Excerpts from a dataset:
● ● ●

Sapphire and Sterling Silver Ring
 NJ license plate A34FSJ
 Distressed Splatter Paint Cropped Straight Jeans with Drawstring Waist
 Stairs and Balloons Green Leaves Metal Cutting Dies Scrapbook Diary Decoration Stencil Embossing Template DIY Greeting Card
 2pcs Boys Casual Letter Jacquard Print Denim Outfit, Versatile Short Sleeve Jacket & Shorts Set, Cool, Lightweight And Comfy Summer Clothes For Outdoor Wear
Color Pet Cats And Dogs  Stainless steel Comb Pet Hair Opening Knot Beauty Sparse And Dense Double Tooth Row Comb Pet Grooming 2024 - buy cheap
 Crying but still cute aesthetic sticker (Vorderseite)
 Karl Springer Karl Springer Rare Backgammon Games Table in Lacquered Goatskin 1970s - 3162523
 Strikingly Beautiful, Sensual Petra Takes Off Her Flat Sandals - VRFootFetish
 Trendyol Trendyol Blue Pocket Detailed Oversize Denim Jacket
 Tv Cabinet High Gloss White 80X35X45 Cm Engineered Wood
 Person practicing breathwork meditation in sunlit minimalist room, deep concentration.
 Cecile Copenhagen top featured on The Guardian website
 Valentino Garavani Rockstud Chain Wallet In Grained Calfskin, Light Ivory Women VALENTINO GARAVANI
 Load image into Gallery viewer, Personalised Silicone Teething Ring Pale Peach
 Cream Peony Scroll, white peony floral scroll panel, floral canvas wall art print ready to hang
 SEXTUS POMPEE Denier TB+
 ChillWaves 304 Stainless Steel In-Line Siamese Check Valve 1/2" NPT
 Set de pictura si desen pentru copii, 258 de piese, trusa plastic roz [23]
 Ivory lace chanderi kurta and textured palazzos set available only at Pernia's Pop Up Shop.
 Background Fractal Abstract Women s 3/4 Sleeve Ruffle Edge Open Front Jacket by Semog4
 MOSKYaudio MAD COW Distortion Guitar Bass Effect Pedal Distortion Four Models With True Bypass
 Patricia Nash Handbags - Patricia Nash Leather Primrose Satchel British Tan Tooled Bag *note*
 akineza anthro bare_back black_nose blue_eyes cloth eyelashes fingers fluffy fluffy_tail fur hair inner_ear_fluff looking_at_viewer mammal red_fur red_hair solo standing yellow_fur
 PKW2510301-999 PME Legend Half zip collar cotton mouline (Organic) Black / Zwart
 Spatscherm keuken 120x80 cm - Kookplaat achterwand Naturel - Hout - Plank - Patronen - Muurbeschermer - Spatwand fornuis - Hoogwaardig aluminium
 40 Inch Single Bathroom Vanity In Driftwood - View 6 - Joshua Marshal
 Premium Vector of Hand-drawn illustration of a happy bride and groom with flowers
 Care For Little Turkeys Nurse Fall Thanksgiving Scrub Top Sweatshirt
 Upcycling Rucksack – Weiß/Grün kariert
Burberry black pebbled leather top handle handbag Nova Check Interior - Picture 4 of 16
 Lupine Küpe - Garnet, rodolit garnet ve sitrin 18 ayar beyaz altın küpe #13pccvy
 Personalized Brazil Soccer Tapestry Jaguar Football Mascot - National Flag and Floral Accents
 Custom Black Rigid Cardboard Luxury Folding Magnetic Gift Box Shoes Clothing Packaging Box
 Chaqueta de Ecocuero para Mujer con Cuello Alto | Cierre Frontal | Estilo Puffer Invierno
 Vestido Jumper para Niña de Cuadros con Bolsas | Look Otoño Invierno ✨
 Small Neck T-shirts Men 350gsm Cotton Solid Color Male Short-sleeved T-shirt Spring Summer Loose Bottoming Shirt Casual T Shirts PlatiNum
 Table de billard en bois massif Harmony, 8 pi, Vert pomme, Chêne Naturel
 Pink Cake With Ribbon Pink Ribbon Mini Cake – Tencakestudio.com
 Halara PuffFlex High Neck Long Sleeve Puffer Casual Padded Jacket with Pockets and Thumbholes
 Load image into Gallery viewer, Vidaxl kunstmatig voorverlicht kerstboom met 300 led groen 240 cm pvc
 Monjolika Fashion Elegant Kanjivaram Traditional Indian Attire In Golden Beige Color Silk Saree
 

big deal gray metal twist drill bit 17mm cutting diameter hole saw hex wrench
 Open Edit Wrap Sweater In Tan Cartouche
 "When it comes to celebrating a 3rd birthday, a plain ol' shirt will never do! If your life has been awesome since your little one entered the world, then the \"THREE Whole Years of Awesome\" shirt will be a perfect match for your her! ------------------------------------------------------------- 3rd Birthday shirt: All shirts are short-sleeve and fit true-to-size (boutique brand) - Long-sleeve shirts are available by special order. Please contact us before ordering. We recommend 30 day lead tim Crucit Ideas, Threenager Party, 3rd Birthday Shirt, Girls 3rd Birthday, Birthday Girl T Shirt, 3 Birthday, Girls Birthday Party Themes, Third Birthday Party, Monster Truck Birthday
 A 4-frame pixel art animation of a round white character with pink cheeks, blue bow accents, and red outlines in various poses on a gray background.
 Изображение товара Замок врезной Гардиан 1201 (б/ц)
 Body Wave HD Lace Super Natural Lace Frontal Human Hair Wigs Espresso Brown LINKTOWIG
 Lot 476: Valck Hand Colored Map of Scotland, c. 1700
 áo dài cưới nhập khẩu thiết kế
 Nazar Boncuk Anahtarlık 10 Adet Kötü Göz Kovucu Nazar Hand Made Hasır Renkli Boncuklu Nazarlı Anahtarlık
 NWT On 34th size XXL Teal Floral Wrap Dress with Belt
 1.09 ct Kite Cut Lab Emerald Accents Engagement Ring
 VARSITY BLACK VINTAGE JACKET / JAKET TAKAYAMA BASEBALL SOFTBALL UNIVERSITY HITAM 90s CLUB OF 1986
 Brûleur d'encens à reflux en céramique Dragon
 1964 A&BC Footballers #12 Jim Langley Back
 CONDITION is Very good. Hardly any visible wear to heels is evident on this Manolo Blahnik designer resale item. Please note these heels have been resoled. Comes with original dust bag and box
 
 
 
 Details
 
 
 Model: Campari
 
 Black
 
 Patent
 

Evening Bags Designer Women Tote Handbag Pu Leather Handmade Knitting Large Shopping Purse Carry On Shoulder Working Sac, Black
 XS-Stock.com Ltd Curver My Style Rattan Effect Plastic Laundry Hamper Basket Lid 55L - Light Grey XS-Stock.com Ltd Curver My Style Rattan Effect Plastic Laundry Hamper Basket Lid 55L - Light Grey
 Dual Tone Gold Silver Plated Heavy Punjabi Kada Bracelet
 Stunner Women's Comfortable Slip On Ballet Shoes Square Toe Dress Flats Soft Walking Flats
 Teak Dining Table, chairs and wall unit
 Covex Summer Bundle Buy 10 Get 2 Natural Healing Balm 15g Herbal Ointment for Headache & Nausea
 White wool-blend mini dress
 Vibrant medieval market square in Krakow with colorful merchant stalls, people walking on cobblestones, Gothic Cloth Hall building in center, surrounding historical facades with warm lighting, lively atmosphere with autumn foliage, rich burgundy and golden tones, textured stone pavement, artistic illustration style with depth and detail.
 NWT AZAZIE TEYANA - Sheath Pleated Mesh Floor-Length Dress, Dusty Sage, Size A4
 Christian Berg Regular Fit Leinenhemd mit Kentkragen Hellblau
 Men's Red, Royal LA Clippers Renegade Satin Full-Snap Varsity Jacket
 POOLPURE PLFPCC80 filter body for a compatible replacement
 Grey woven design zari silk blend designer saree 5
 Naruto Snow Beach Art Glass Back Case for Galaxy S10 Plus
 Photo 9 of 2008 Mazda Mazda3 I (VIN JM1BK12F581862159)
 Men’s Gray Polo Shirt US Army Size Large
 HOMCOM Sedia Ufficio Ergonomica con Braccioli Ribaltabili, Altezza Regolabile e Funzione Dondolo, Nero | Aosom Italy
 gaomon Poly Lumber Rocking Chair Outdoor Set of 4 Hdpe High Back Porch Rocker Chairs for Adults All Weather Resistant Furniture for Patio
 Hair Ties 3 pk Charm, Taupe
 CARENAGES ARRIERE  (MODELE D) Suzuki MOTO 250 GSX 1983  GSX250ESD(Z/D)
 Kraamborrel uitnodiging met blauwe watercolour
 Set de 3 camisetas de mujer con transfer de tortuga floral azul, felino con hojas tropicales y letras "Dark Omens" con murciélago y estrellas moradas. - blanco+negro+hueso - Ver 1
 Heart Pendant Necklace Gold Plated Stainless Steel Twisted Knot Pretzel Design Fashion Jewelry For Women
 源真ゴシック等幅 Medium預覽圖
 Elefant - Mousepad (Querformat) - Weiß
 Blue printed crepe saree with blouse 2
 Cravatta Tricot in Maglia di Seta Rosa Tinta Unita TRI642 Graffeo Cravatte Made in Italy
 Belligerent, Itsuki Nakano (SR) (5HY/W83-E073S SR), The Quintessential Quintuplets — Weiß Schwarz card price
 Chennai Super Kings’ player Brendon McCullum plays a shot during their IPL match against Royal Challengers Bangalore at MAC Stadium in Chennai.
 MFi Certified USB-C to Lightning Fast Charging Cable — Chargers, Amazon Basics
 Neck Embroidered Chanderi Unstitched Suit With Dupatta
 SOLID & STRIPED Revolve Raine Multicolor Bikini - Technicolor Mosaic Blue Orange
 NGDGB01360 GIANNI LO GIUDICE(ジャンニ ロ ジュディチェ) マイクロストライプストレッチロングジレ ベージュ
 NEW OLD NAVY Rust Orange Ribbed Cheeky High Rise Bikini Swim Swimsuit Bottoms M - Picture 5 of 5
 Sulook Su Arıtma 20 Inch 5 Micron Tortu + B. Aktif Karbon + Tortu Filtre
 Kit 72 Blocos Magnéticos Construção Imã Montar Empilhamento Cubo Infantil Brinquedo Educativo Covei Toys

● ● ●

● Task goal:
Word for word, restate the lines above from the line containing "(MODELE D) Suzuki" through the line containing "Blue printed crepe saree with blouse 2", with both included and nothing else.

● Task answer:
 CARENAGES ARRIERE  (MODELE D) Suzuki MOTO 250 GSX 1983  GSX250ESD(Z/D)
 Kraamborrel uitnodiging met blauwe watercolour
 Set de 3 camisetas de mujer con transfer de tortuga floral azul, felino con hojas tropicales y letras "Dark Omens" con murciélago y estrellas moradas. - blanco+negro+hueso - Ver 1
 Heart Pendant Necklace Gold Plated Stainless Steel Twisted Knot Pretzel Design Fashion Jewelry For Women
 源真ゴシック等幅 Medium預覽圖
 Elefant - Mousepad (Querformat) - Weiß
 Blue printed crepe saree with blouse 2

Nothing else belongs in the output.